Noreen and Vernon Kemp
Part 4 Date of Interview: 4th Feb 2005 Place: Balmain, Sydney, Australia Interviewer: Kevin Murray Transcription: Glenys Murray, Feb 2005 |
Vernon: We continued going to the Maddermarket, they did ten plays a year, so we continued with our season ticket, in fact we had it for I calculated thirty three years and so we saw a vast number of plays and that was a great experience.
Noreen: One of the things I missed when I came to Sydney, we couldn’t go every month to the theatre here, it was a bit expensive.
Vernon: Judith our eldest girl got married, while we were at Unthank Road and while she was at school she acquired a French pen pal called Mick, and Mick came over to the wedding, and at the reception she gazed into the eyes of a cousin, the best man who lived in Birmingham, Peter and a year later they were married in Paris and so we went over to the wedding, and that was lovely. On the continent you have to have a civil wedding and then you can have a church wedding, a blessing afterwards. So we went to the blessing afterwards and Madame Westerman laid on a very grand wedding meal afterwards out in the country which lasted all afternoon, French style.
Kevin: Wonderful
Vernon: It was absolutely wonderful, yes and so we did a number of trips to France. I better just say a word or two about other interests that we acquired during these years. One was that we joined an organization, well we set up a branch in Norwich of an international educational charity called The English Speaking Union, they have branches here in Australia and so the Norwich branch of English Speaking Union became a big thing.
We had a huge membership and we used to do all kinds of things, have meetings and things and the patron of the ESU was the Queen and the chairman of the whole organization was The Duke of Edinburgh, so it was a pretty high powered thing and they had their headquarters, was in Mayfair in London a very swish place, do you see with a club attached where you could stay at a very modest price, I might add. We stayed there a couple of times, so ESU was a pretty high powered thing they hadn’t any money of their own, they used to get money out of companies and spend it on projects like sending undergraduates out to Australia for six weeks, three weeks work, three weeks travel and they did that in the summer vacation.

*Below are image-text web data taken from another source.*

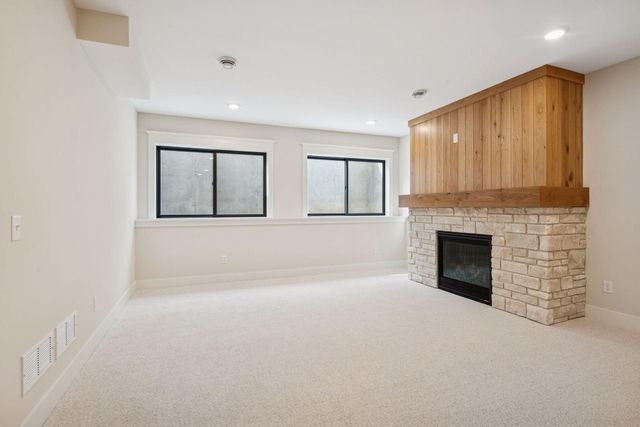 4624 Concord Terrace, Edina, MN 55424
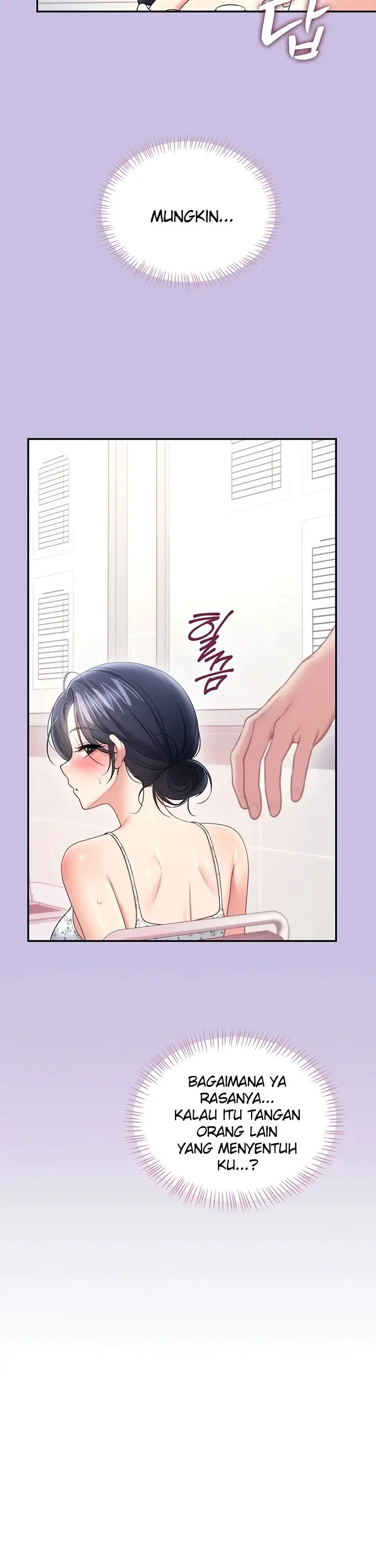 image-komik-wireless-onahole-swehwangjorongie-chapter-92-9/42
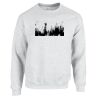 Heavy Blend™ Sweatshirt Thumbnail
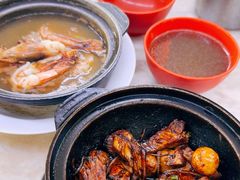 -新记肉骨茶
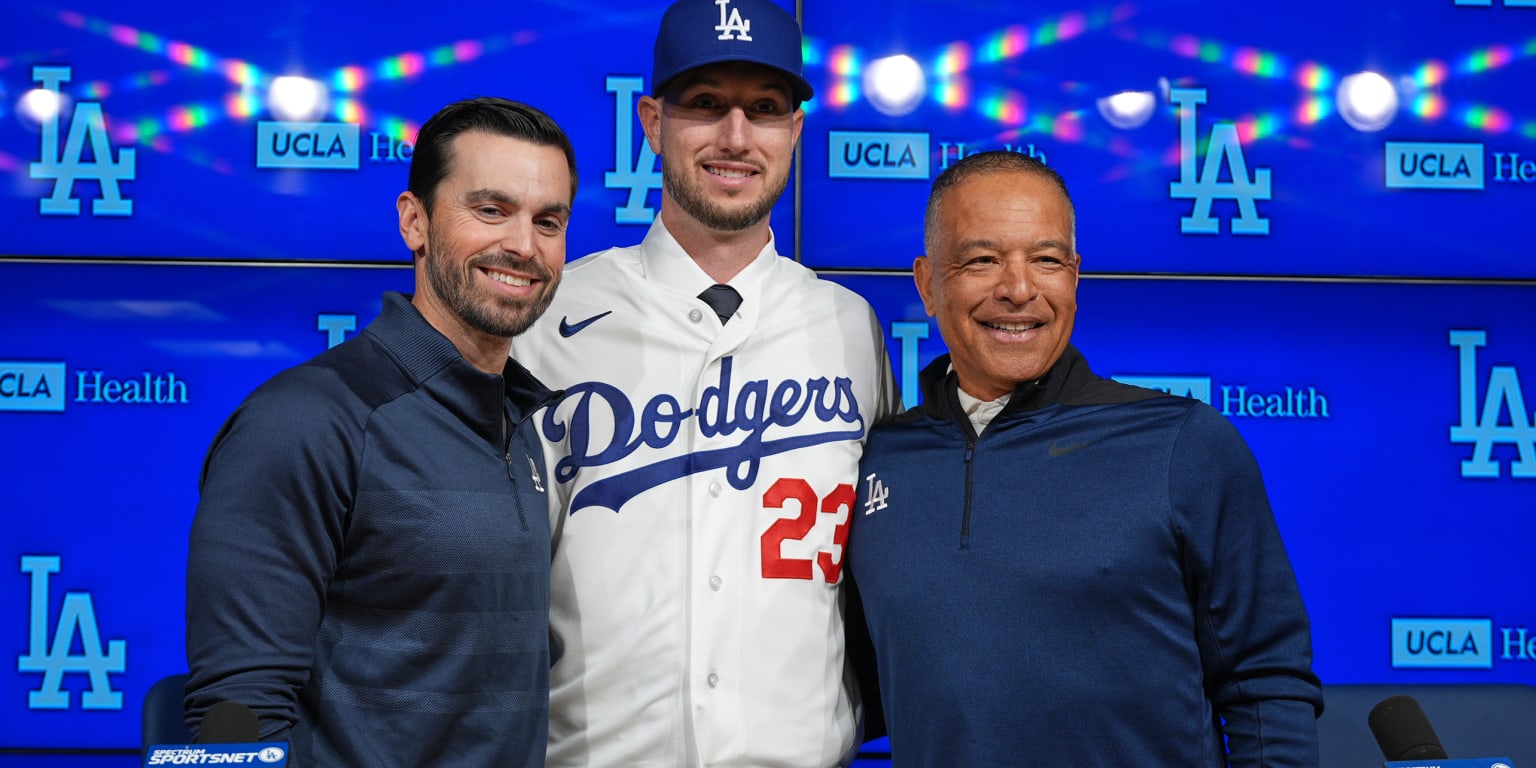 noticia-mlb-Ni-el-hombre-de-los-US240-millones-se-escapa-Tuc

That was the kind thing that ESU did. Locally one of the things I used to organize was a schools public speaking competition, this was national competition so we used to get Sixth formers, years ten to twelve here in Aus, so it was a competition for public speaking and I was heavily involved in that which was rather fun. The organization locally was pretty big so we used to have a regional weekend every now and again and organizing that was rather fun, we liked that. Some years later, I forget when it was, through ESU we had an invitation from The Queen to attend her Garden Party in the summer.
Noreen: We’ve got a photo
Vernon: And that was lovely.
Noreen: we shook hands with Prince Phillip, he went down one line and The Queen went down the other.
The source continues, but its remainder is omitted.